### Dataset section
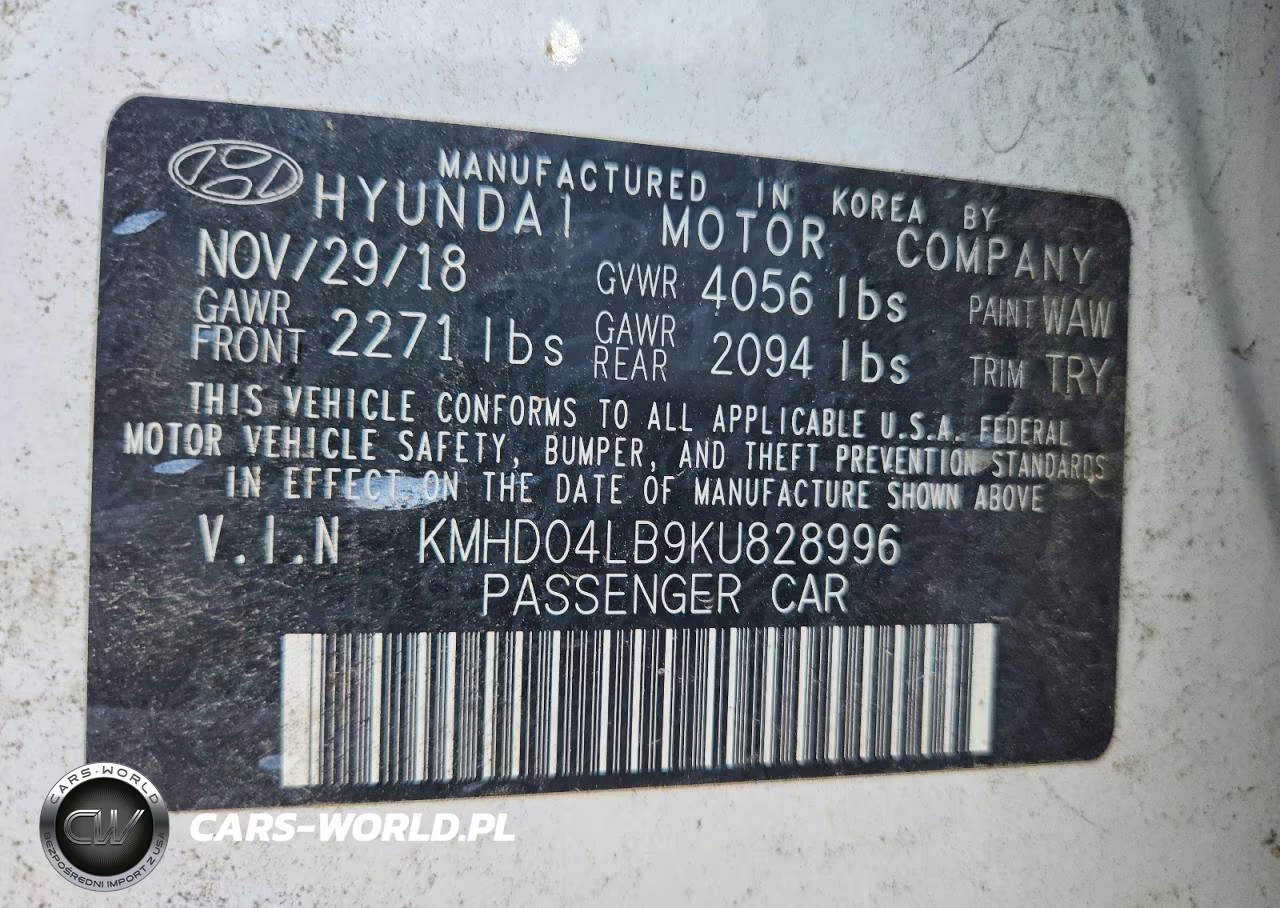 2019 Hyundai Elantra Sport VIN:KMHD04LB9KU828996 - 13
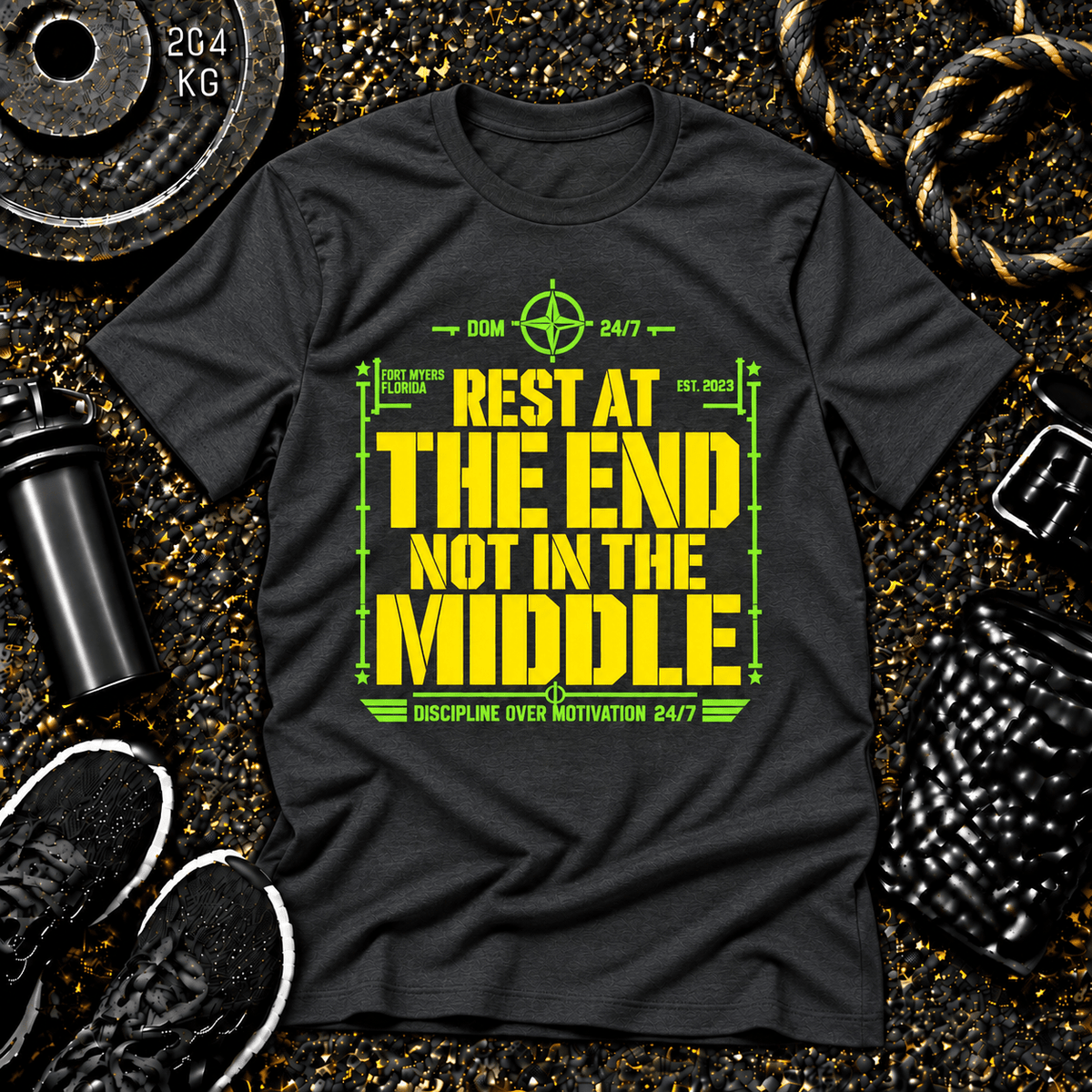 Rest at the End. Not in the Middle.™ Tee - Discipline Over Motivation 24/7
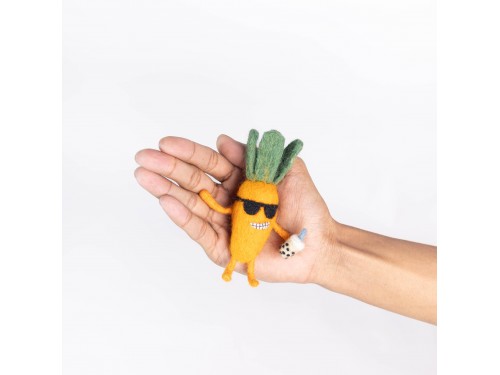 Handmade Wool Felt Carrot Ornament - Felt and Yarn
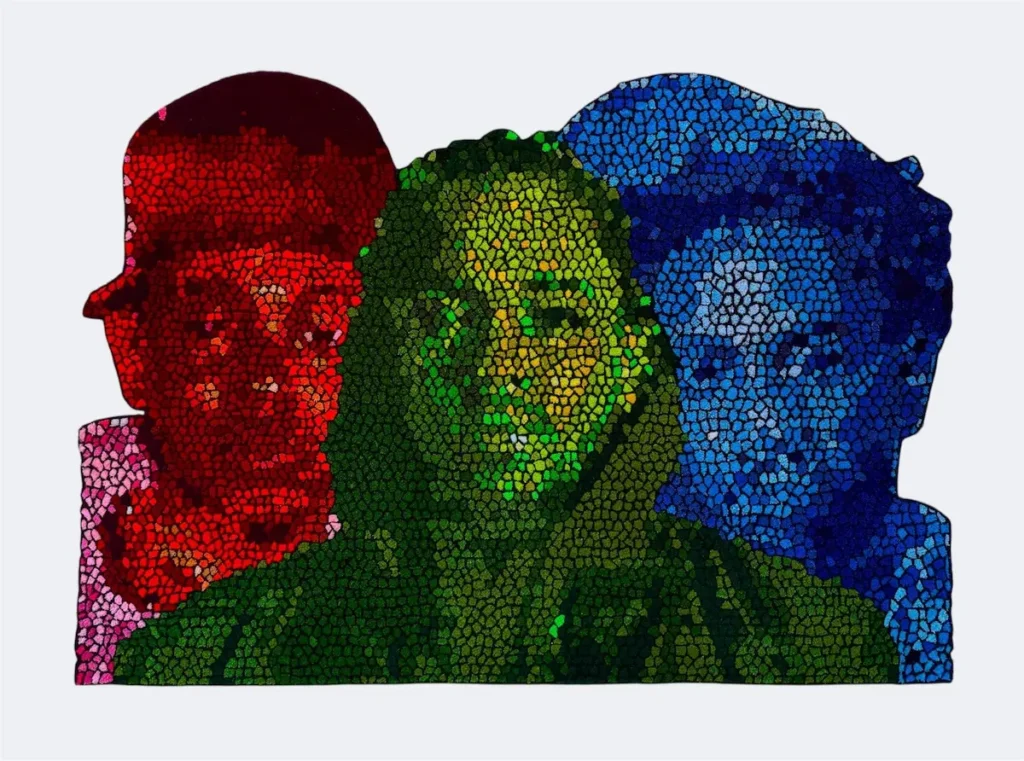 Three men in red, green and blue fiber art by Kid Kardiac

### Brief
Please write out, exactly, every line from the line with "Rest at the" through the final line of the data above, leaving out pictures.

### Response
 Rest at the End. Not in the Middle.™ Tee - Discipline Over Motivation 24/7
 Handmade Wool Felt Carrot Ornament - Felt and Yarn
 Three men in red, green and blue fiber art by Kid Kardiac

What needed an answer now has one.